──────── INFORMATION SHOWN ────────

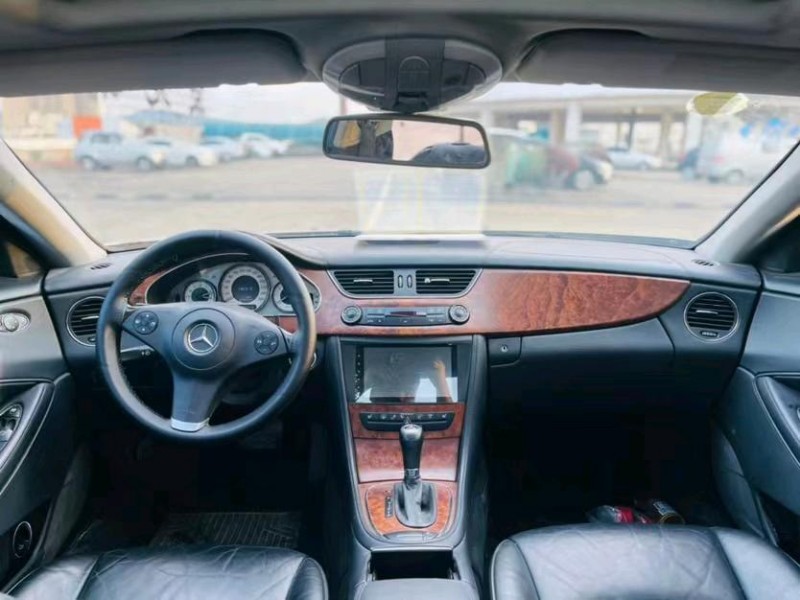 东莞11年奔驰CLS3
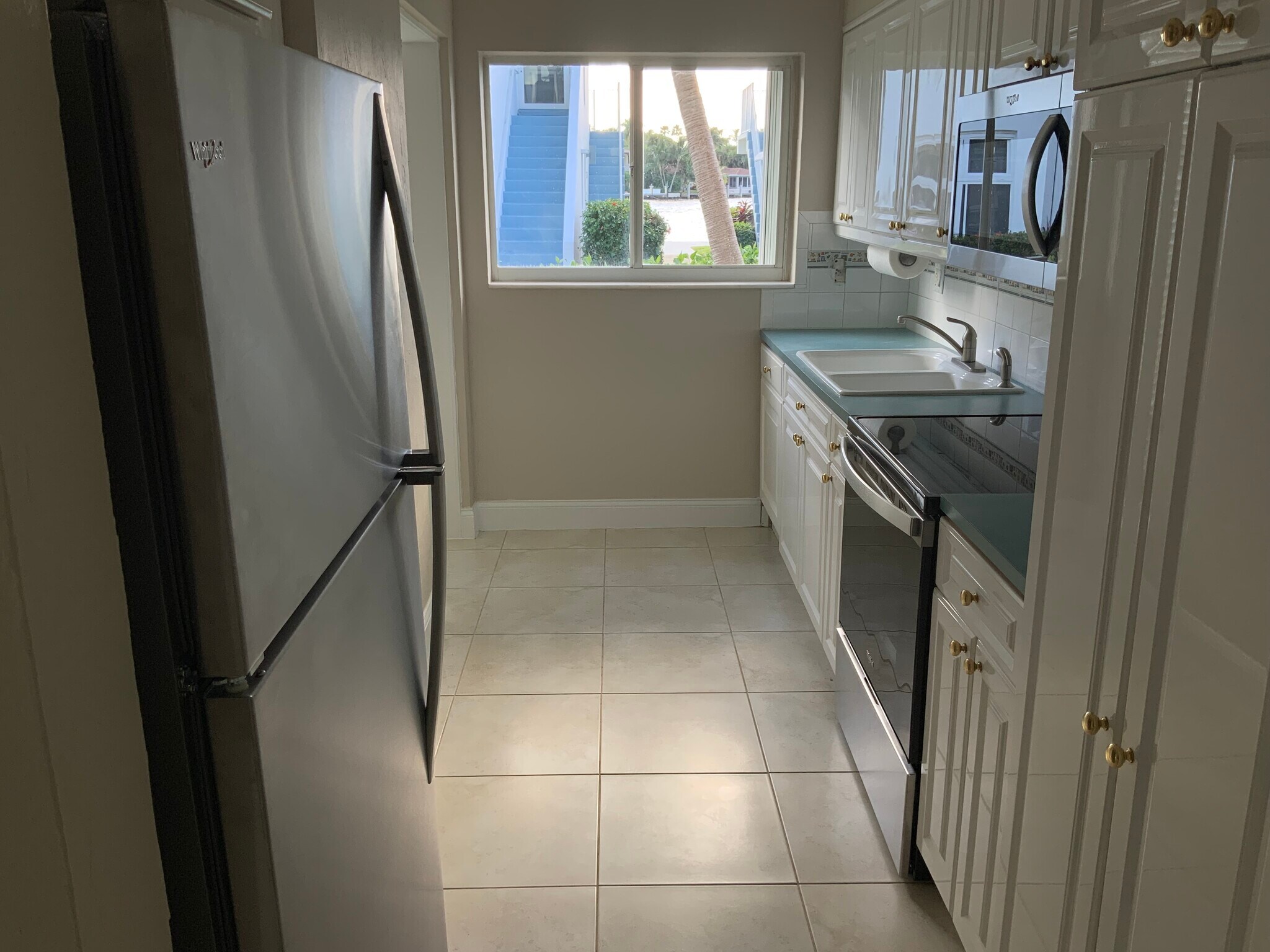 Building Photo - 425 Bayshore Dr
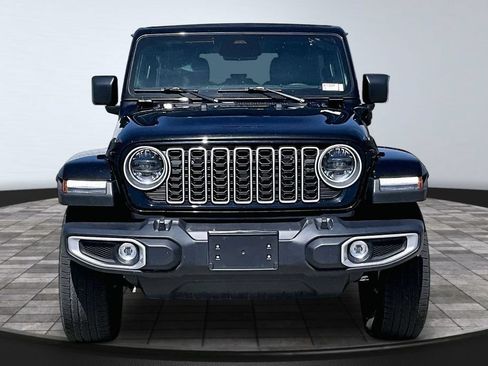 Used 2025 Jeep Wrangler Unlimited Sahara w/ Safety Group AWD/4WD image 27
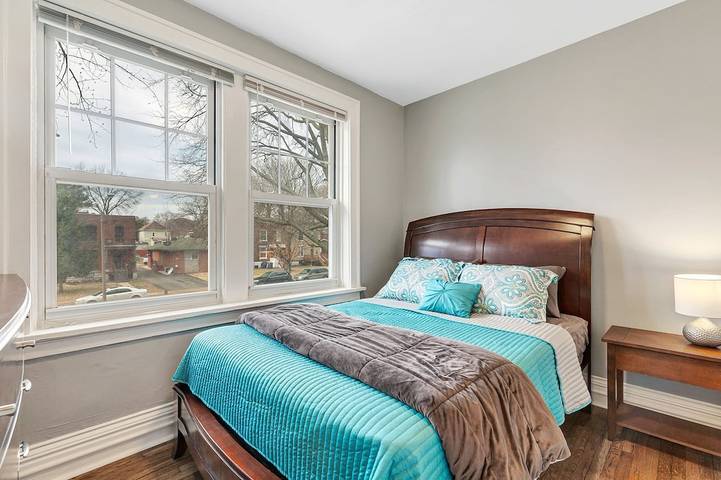 Apartment for 4 people, with yard and balcony in St. Louis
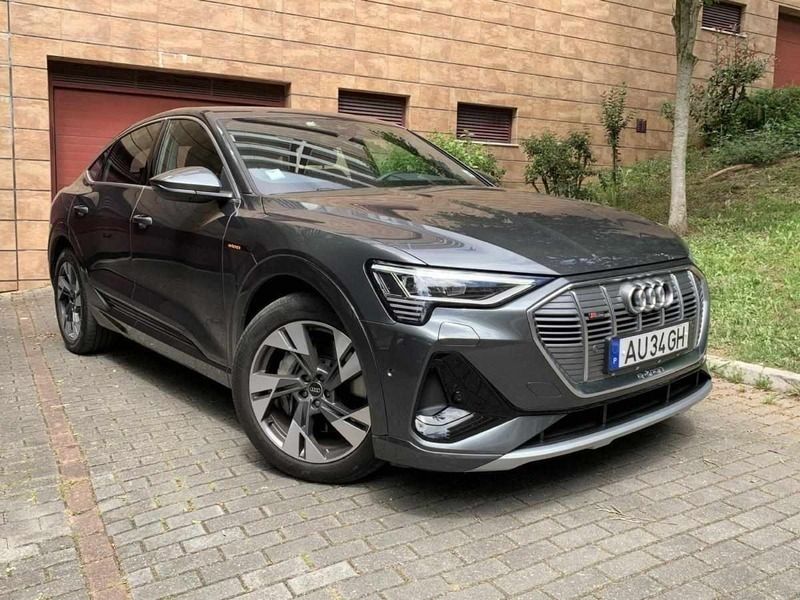 Antracite Usado 2022 Audi e-tron S-Line SUV | € 55.800 (Caro) - Imagem 1/4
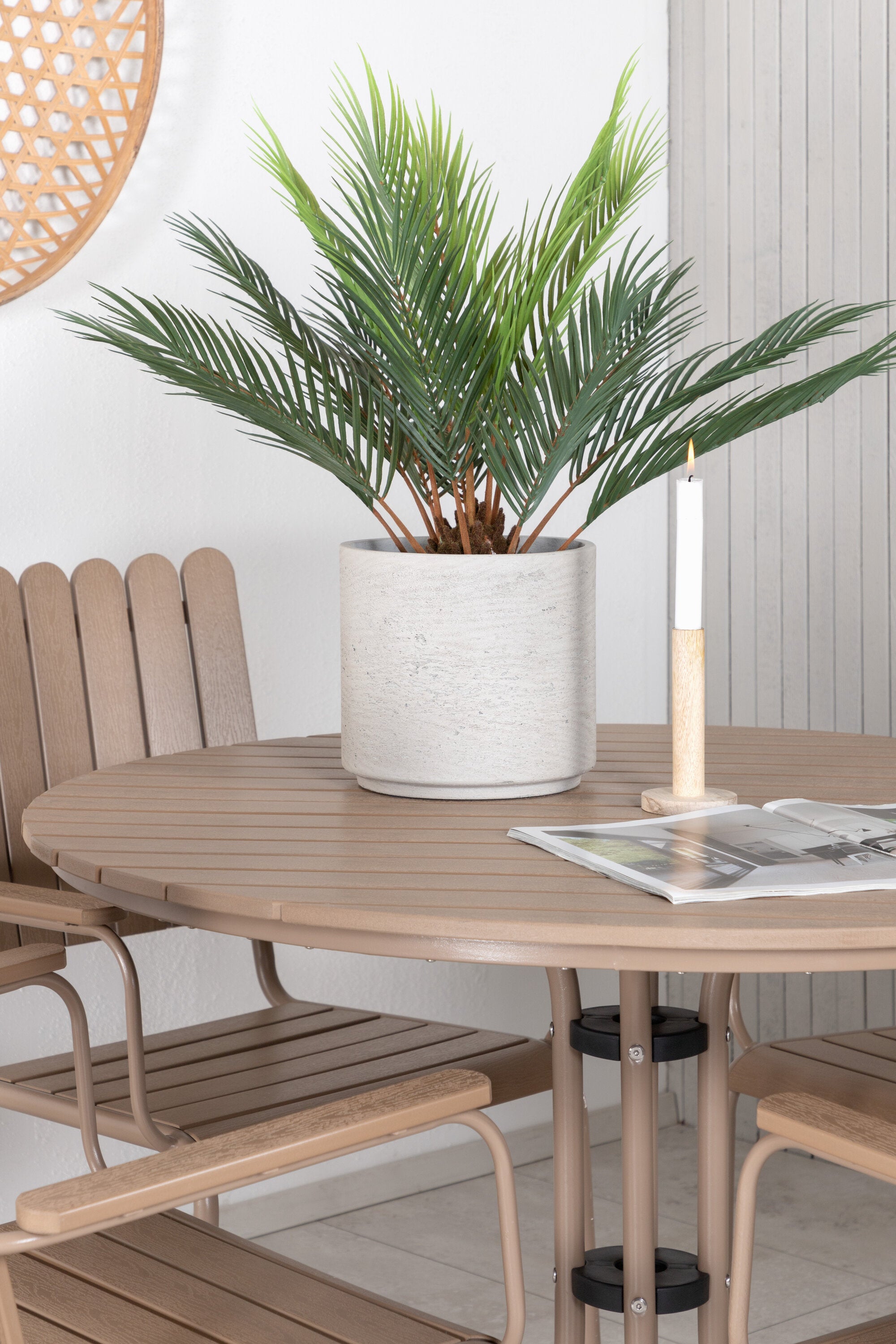 Holmsund Outdoor-Tischset ⌀103cm/4St. in Beige präsentiert im Onlineshop von KAQTU Design AG. Gartentischset ist von Venture Home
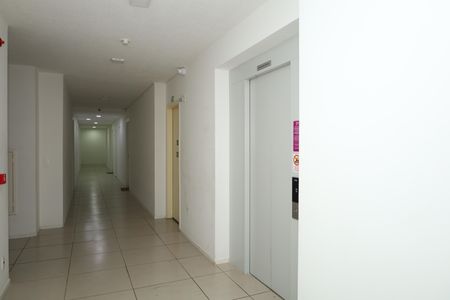 Apartamento à venda com 34m², 2 quartos e sem vagaÁrea comum - Saguão do andar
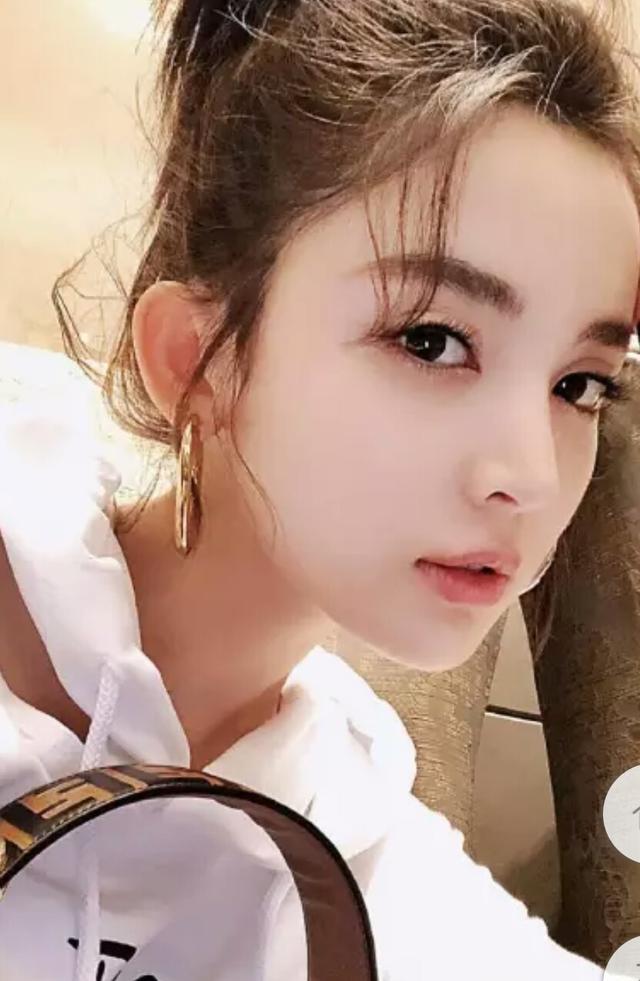 娜扎新剧搭档陈伟霆造型冷艳霸气，网友：终于摆脱傻白甜人设了！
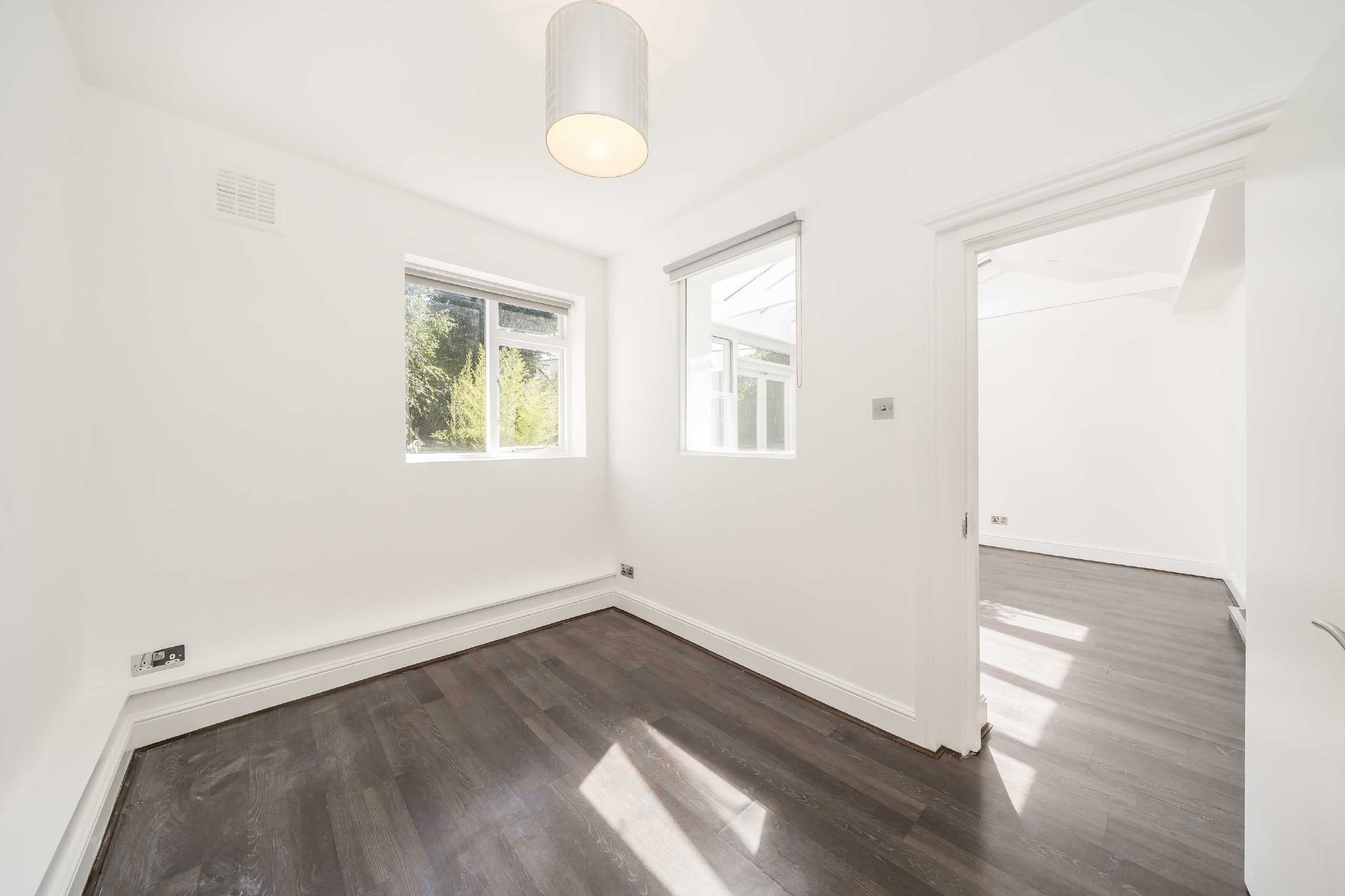 Flat Highlever Road in Greater London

────────

The records above should be retyped in full and exactly; omit the pictures.

▸ RESPONSE TO THE EXERCISE
 东莞11年奔驰CLS3
 Building Photo - 425 Bayshore Dr
 Used 2025 Jeep Wrangler Unlimited Sahara w/ Safety Group AWD/4WD image 27
 Apartment for 4 people, with yard and balcony in St. Louis
 Antracite Usado 2022 Audi e-tron S-Line SUV | € 55.800 (Caro) - Imagem 1/4
 Holmsund Outdoor-Tischset ⌀103cm/4St. in Beige präsentiert im Onlineshop von KAQTU Design AG. Gartentischset ist von Venture Home
 Apartamento à venda com 34m², 2 quartos e sem vagaÁrea comum - Saguão do andar
 娜扎新剧搭档陈伟霆造型冷艳霸气，网友：终于摆脱傻白甜人设了！
 Flat Highlever Road in Greater London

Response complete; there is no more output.